One crucial detail surrounding the different incident reporting regimes regards their enforcement mechanisms. While Sen. Mark Warner, D-Va., ultimately supported passage of CIRCIA, he bemoaned the removal of fines in an initial proposal he made, saying the provisions had become “toothless.”
The cybersecurity company Rapid 7 also noted that the penalty for a company being discovered as failing to report a qualifying incident under the law—potentially being found in contempt of court—would not be particularly motivating for companies to improve their cybersecurity.
In contrast, the report released in support of the SEC’s rules Thursday highlighted recent enforcement actions at the SEC and the agency’s related powers.

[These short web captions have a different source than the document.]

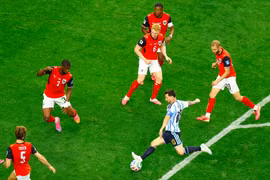 Messi tuổi 39 và sức nóng cuộc đua Chiếc giày vàng World Cup 2026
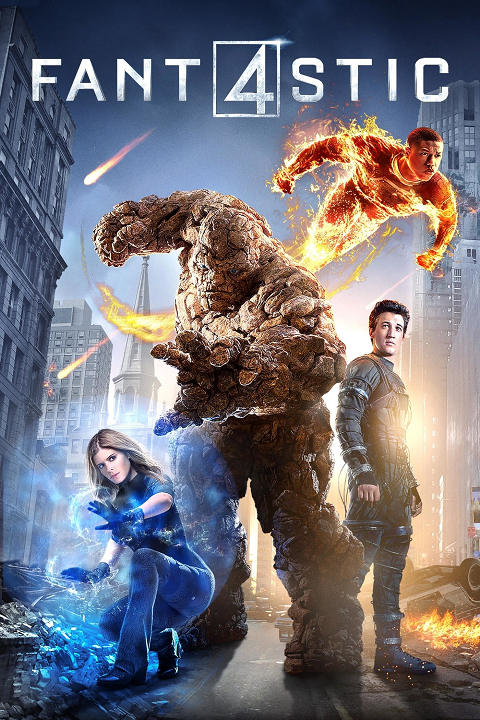 Fantastic Four (2015)'s image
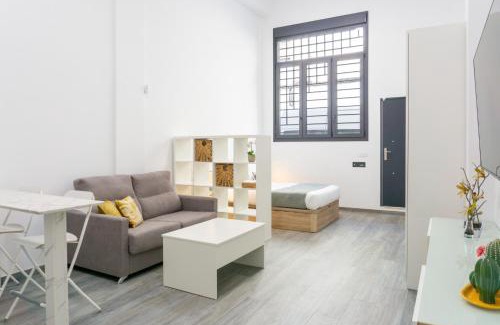 Carretera de Cadiz Appartement | Little Charm Malaga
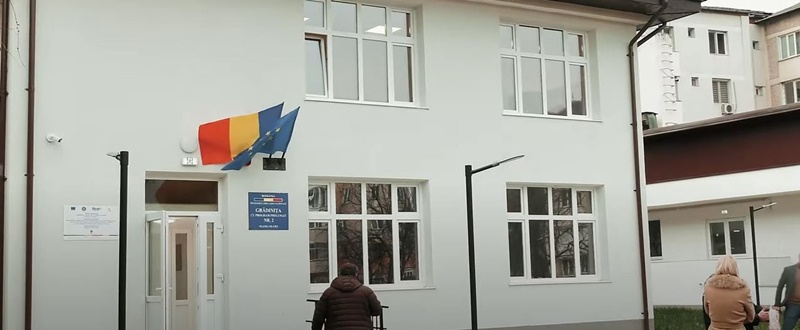 Grădinița Nr. 2 din Piatra Neamț și-a redeschis porțile pentru copii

Specifically, the regulator can make “administrative orders,” which, according to analysis from Bloomberg Law, can result in “cease and desist orders, suspension or revocation of broker-dealer and investment advisor registrations, censures, bars from association with the securities industry or from appearing or practicing as an attorney or an accountant before the Commission, civil monetary penalties, and disgorgement.”
In addition to new incident reporting rules, the SEC is proposing a rule for public companies which echoes the sentiment of bipartisan legislation calling for registered issuers of securities to disclose whether any member of its governing body has expertise in cybersecurity.
“The [proposed rule for public companies] would also … require disclosures regarding board oversight of a company’s cybersecurity risk, and the implementation of related policies,” the proponents’ report said. “This would include a description of whether specific management positions at the company are responsible for measuring cybersecurity risk, as well as the expertise of the individuals in such positions.”
SIFMA also opposed such rules, saying, “while we recognize the importance of firms maintaining robust governance structures and comprehensive compliance programs with a reporting line to escalate cyber issues to senior management and the board (or board committee), we believe the requirement that boards approve policies and procedures and exercise formal oversight is too prescriptive and crosses into the realm of management.”